Por aqui, nem uma coisa nem outra, nem a condenação de torturadores nefastos, nem o mínimo de podermos saber ao menos a verdade, o que realmente aconteceu a esse país? Inércia tétrica.
Já assisti diversos trabalhos do diretor Gilson Filho, conheço sua linha de conduta e de interpretação e também o fio que lhe move às inquietações, porém difícil é não se surpreender, não corro risco em afirmar que Mulheres Vermelhas é seu ápice.
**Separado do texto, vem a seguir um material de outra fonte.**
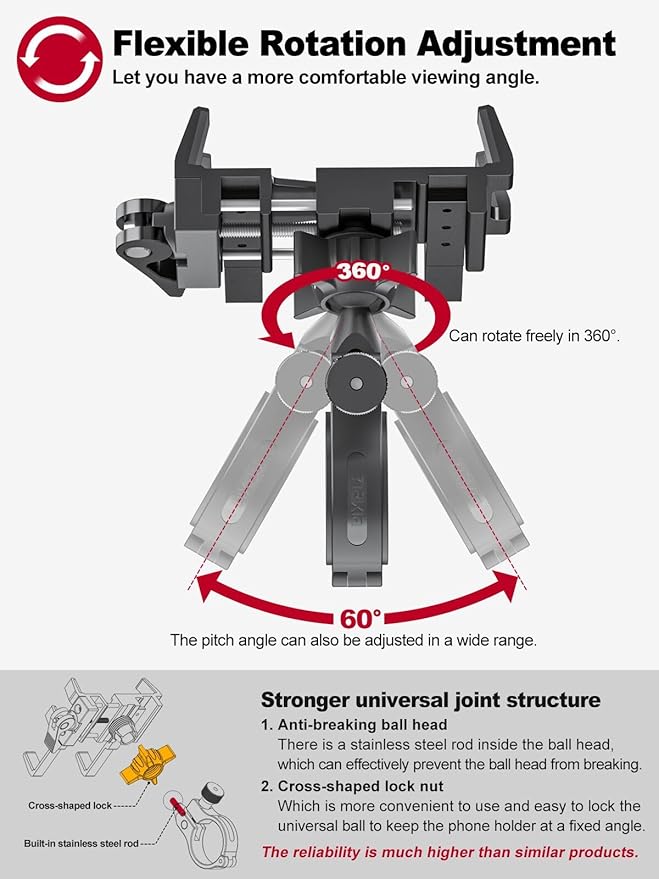 Tiakia Bike Phone Mount Holder, Aluminum Motorcycle Phone Mount, Handlebar Mounted Cell Phone Holder for Bike, 360° Rotation, Universal Bicycle Phone Mount for 4.5-7 Inch Phones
Montagem qual o diretor moldou tudo que lhe cabia com a a experiência de décadas dedicadas ao teatro formando uma miscelânea que me fez reviver o bom teatro, dos melhores que pude presenciar. Brigaghão, assim chamado carinhosamente pelos amigos, não teve medo de trabalhar a interação multimídia, também colocou um texto denso num cenário experimental. Tão pouco economizou talento na luz e na maneira que tratou musicalmente o cerne em cena, tudo com muito encaixe à excelência da interpretação de um elenco de mais de duas dezenas de atores em cena. Um trabalho demais profícuo e árduo, creio. A voz (o maior defeito do teatro atual) desse elenco grandioso sempre esteve uniforme de forma primorosa. Os atores e, sobretudo, as atrizes estiveram magnânimos numa altivez e presença de cena muito raro de se encontrar.
Todavia, o encontro com esse teatro choca e a catarse que sucede em mim é genitora desse sentimento do qual ainda não consegui resolver. Compreendo que algo não só na nossa História ficou mal resolvido, mas em mim também.
Depois dessa experiência humana sinto que algo perdi e que não sei como encontrar. Porque esse trabalho em cena claudica cá em mim, fragilizando eu cidadão comum, eleitor, consumidor, contribuinte… E o sorriso da moça do Shampoo não me é mais suficiente. Mulheres Vermelhas é uma experiência de vida única que não esquecerei jamais.